▸ **How to complete this task**
Give the listing again word for word. Leave every image out.

▸ **Information supplied**

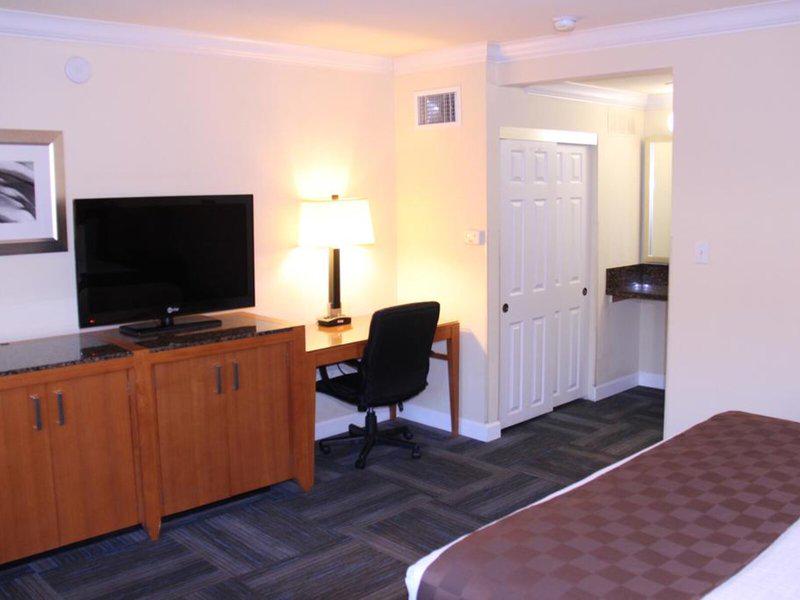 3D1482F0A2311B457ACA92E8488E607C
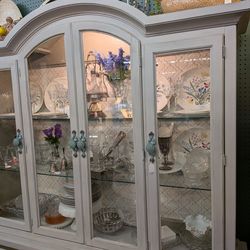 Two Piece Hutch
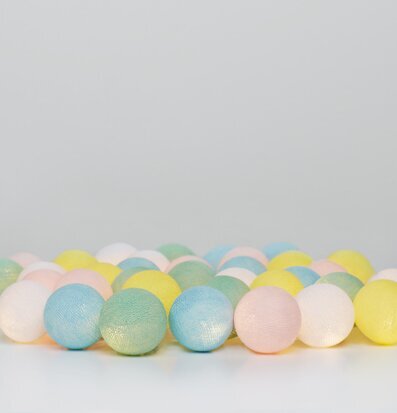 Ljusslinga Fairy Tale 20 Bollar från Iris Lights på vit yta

▸ **Expected answer**
 3D1482F0A2311B457ACA92E8488E607C
 Two Piece Hutch
 Ljusslinga Fairy Tale 20 Bollar från Iris Lights på vit yta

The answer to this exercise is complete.